Deferral Of The Entire Capital Gains Tax

To obtain a deferral, the Exchanger must:

  •  Purchase replacement property that is equal to or greater in value than the relinquished property.
  • Invest all of the net proceeds from the relinquished property.
  • Obtain equal or greater financing on the replacement property than was paid off on the relinquished property. Exception: replacement property debt can always be offset with cash added to the exchange.
  • Receive only like-kind property.

Working With a Qualified Intermediary (QI)

 The Qualified Intermediary industry is not regulated. Anyone can call himself or herself a QI. The Final Treasury Regulations of 1991 streamlined the exchange process and defined the role of the Qualified Intermediary.

A Qualified Intermediary:

  • Confers with you and your support staff so that 1031 rules and regulations are thoroughly understood.
  • Prepares the necessary documentation and oversees each closing to assist in maintaining proper 1031 procedures.
  • Provides guidelines and knowledge, and vigilantly observes the critical time limits throughout the entire exchange process.

A seller should contract with a QI/Company that is bonded and whose sole business is exchanges.

 

Sales Contracts

  • Exchange Contract Cooperation Clause
    The exchanger should have an exchange cooperation clause in the purchase and sale agreement for both the relinquished and replacement properties.
  • Relinquished Property
    Buyer hereby acknowledges that Seller intends to complete a tax deferred exchange under IRC Section 1031, provided that the exchange will not delay the closing hereunder or cause additional expense to the Buyer.

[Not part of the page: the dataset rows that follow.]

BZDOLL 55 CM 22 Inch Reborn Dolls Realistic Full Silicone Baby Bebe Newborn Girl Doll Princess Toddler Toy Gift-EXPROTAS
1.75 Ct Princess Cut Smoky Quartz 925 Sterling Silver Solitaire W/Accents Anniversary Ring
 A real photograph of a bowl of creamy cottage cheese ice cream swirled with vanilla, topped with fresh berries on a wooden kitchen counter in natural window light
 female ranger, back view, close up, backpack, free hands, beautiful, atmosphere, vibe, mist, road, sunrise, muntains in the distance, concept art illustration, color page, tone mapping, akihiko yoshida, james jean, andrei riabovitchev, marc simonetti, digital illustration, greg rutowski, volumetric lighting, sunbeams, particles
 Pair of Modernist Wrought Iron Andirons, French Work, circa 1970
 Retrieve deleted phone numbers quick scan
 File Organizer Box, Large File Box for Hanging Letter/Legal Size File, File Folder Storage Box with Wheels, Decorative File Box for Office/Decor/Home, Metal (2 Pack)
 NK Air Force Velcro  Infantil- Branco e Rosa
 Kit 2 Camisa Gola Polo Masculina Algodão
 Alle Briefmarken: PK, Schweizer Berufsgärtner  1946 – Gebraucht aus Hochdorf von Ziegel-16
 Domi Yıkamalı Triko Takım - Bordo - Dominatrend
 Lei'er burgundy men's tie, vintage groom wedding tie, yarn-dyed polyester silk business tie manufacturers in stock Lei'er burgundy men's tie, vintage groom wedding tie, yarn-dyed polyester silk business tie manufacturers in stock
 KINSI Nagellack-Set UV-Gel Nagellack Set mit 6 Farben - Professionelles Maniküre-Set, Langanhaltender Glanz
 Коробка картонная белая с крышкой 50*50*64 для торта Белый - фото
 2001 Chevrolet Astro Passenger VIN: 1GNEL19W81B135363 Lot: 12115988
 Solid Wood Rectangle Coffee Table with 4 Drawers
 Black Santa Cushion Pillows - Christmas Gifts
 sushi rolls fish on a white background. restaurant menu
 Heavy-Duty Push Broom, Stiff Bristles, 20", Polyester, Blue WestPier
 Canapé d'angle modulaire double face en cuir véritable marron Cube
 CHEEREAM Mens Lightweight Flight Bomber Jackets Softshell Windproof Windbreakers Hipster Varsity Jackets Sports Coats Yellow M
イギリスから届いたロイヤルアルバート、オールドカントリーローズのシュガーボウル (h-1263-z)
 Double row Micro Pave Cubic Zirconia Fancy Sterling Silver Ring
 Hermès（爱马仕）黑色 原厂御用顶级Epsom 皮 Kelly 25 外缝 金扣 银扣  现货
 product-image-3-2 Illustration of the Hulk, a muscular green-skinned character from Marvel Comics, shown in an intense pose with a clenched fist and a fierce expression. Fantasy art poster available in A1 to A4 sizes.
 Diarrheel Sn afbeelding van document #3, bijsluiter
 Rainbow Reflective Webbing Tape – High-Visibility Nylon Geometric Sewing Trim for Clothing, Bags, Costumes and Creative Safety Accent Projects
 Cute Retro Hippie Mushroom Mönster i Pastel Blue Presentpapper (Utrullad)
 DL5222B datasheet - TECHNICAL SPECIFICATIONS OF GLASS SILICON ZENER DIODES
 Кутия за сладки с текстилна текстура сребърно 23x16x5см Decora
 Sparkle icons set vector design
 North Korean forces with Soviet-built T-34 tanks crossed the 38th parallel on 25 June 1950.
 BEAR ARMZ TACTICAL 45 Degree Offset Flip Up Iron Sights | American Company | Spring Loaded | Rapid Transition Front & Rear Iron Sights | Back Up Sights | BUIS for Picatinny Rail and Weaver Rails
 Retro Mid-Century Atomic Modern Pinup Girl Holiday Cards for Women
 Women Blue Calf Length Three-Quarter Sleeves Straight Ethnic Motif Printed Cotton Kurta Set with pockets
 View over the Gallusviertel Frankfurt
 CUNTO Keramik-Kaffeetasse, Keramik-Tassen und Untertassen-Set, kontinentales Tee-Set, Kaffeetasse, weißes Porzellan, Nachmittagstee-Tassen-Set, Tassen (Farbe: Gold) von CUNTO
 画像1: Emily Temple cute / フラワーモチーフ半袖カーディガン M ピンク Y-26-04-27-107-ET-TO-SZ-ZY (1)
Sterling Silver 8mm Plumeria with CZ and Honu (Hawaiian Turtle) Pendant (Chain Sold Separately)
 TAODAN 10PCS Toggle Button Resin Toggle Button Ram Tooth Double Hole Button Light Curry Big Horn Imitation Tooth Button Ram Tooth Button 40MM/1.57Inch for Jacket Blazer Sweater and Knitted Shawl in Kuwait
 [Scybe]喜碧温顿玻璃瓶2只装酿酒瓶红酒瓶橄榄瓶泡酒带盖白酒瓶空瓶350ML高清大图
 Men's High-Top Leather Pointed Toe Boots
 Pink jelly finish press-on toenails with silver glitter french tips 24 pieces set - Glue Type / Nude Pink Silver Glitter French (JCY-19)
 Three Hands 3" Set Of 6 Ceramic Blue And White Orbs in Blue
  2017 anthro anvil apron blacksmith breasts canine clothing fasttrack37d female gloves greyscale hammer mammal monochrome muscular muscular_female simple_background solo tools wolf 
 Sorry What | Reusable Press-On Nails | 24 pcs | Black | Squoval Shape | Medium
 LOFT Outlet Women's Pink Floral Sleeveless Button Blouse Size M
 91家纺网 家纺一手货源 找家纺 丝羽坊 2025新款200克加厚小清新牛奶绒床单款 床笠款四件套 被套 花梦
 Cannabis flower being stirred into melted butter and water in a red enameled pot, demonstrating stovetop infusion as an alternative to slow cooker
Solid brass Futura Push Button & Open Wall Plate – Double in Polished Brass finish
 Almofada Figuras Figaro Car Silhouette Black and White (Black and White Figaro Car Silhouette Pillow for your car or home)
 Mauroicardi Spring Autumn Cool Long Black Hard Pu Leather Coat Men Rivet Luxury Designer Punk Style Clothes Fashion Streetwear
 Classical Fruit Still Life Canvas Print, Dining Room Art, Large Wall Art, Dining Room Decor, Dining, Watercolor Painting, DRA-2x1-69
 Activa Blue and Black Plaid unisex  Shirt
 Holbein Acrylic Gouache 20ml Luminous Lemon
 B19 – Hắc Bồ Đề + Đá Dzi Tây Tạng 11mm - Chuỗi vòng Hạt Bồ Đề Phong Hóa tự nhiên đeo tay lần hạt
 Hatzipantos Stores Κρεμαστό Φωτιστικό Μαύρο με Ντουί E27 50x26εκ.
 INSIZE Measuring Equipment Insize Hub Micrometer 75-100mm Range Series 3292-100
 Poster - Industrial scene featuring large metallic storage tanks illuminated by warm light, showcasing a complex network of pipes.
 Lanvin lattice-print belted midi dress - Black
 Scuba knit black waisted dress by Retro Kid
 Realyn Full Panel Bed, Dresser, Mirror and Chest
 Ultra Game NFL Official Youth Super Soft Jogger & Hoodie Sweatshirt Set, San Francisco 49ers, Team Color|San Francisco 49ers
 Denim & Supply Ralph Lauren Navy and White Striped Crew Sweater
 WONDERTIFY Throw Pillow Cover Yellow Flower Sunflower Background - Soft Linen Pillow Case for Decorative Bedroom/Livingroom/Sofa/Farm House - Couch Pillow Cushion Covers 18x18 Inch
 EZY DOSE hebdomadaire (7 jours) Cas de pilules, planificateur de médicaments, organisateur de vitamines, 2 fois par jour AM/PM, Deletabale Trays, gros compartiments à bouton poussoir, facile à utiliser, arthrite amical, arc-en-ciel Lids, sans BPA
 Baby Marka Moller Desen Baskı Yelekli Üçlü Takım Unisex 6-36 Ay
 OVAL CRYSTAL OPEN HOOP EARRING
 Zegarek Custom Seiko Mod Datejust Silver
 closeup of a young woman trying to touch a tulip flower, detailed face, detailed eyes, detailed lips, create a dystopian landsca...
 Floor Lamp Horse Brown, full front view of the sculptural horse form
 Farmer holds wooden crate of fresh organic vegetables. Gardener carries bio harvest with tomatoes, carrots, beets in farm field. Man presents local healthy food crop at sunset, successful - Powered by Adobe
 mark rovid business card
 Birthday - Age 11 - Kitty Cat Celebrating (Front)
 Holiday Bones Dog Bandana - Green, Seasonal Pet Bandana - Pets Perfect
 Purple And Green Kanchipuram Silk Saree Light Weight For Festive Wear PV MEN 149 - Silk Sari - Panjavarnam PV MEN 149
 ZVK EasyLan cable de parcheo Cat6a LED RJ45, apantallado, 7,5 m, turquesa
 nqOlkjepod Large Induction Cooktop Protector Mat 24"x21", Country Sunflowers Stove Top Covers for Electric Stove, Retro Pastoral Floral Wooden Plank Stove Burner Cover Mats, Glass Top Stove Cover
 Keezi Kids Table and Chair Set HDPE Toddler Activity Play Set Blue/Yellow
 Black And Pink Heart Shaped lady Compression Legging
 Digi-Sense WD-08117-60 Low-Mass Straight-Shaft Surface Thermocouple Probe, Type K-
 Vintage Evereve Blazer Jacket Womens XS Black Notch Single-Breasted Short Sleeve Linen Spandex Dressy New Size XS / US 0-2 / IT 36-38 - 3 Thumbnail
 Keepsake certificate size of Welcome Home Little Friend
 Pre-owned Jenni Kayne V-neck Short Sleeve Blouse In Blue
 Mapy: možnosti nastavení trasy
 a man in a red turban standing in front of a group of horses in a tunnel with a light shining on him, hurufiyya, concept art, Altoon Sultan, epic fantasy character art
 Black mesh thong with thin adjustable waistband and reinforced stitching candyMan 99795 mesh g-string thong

The Seller’s rights under the purchase and sale agreement may be assigned to a Qualified Intermediary selected by the Seller for the purpose of completing the exchange. Buyer agrees to cooperate with Seller and the Qualified Intermediary selected by Seller (in the manner described in this paragraph) to complete the exchange.
  • Replacement Property
    Seller is aware that Buyer intends to perform an IRC 1031 tax deferred exchange. Buyer requests Seller’s cooperation in such an exchange and agrees to hold Seller harmless from any and all claims, costs, liabilities, or delays in time resulting from such an exchange. Seller agrees to the assignment of this contract by the Buyer.